A final shift of emphasis in Sun’s marketing activity relates to a new emphasis on customer insight, aimed at understanding customers’ needs and empowering marketing to add value. Sales and service personnel are being encouraged to gather and feed back insights gained from customer interactions via an email alias. “These often unstructured comments are analysed and segmented and then distributed to the marketing team to assist in the development of value propositions,” Avis explains.

Far from being something that Sun pays lip-service to, it is viewed as critical to its evolution and, correspondingly, is treated very seriously. “I have appointed a customer insight manager in my team, and this is a very senior person,” says Avis, “it is not a clerical job.”

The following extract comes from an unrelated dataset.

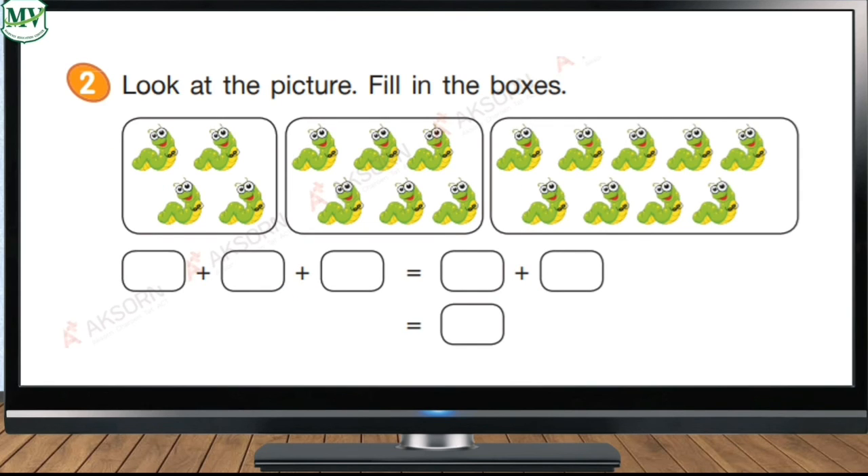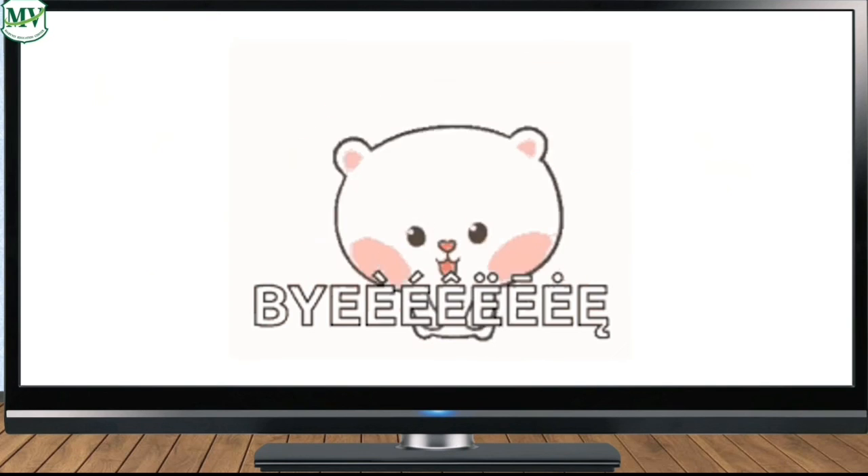Exercise two: count the pictures in each box, then write it in the corresponding box. Now let's count — how many worms are there in the first box? Four. Now kids, it's your turn to count and write the numbers in the boxes. Good luck, kids! I hope you've learned something new today. Goodbye!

Avis claims this insight drive is already starting to have an impact, identifying space and power requirements in the data centre – due to gradual escalation in concerns over energy issues – as a differentiator. The language used to promote the new SunFire server range has been directly influenced by this. “We are promoting it as the world’s first eco-friendly server, and the fact that it is cooler, cheaper energy-wise and smaller,” he says. Such messages are certainly unusual in the dry world of technology marketing.

 

Although Avis is enthusiastic regarding what has already been achieved, he is quick to point out that the change process is still relatively new and has a long way to go – at least another two years, according to the plan.

He also acknowledges that there has been resistance, and interestingly that much of it has come from within the marketing function. “Sometimes marketers are uncomfortable with being part of a bigger team. All they want to do is execute their campaigns, and actually prefer to work in isolation. It can be quite a leap to have to work on the board of a business unit amongst other people. But the whole business is going on a journey, and we have to be totally collaborative and break down barriers.”

Lessons have be learned along the way, explains Avis, particularly with regards to ownership of the customer, an issue on which he suggests conflict arose with sales. “We have pulled back from suggesting that marketing owns the customer,” he says, but adds that the objective is for marketing to own the pipeline.

Avis also claims that sales and marketing interdepartmental co-operation has been strengthened by the success of the first Sun Live event, held last summer at The Brewery in London. “Sales people were blown away by Sun Live. It was a fantastic event for them to bring their customers to.”

A further, and perhaps more critical, reason for the swift resolution of conflicts from this change process has been because of the commitment to the process and leadership of Trudi Norris-Grey. Avis is adamant that without this, the change process that the company has embarked on would not have even worth been considering. And this applies to other companies. “Marketing directors cannot change things fundamentally without support from this very top,” he says. “You can’t do this by yourself.”

 

Avis clearly has a close working relationship with Norris-Grey, not to say considerable respect for her. This is in no doubt due – at least in part – to the fact that, like him, her background includes spells in marketing, as well as other business areas including sales. She originally trained as an accountant.

Both Avis and Norris-Grey came to marketing later in their careers, and whilst both have a great passion for it, their view of it has been shaped by their exposure to other disciplines. For them, and marketers like them, marketing is simply a functional tool, which must be mastered and utilised to help the organisation achieve its objectives. It is a means to an end.

“I had an aspiration to get into marketing,” explains Avis, “and I think marketing has come in my direction. It used to be about producing large amounts of collateral.” Today, Sun Microsystems’ marketing efforts are tightly focused on helping to drive the business, and Avis plays a strategic role in ensuring this is met.

Whilst this new accountable approach may lack the pizzazz or presence of what has gone before, it will also almost certainly cost dramatically less and is likely to generate better results. If it succeeds over the next three years, it will enable Sun to take back its place amongst the Silicon Valley elite.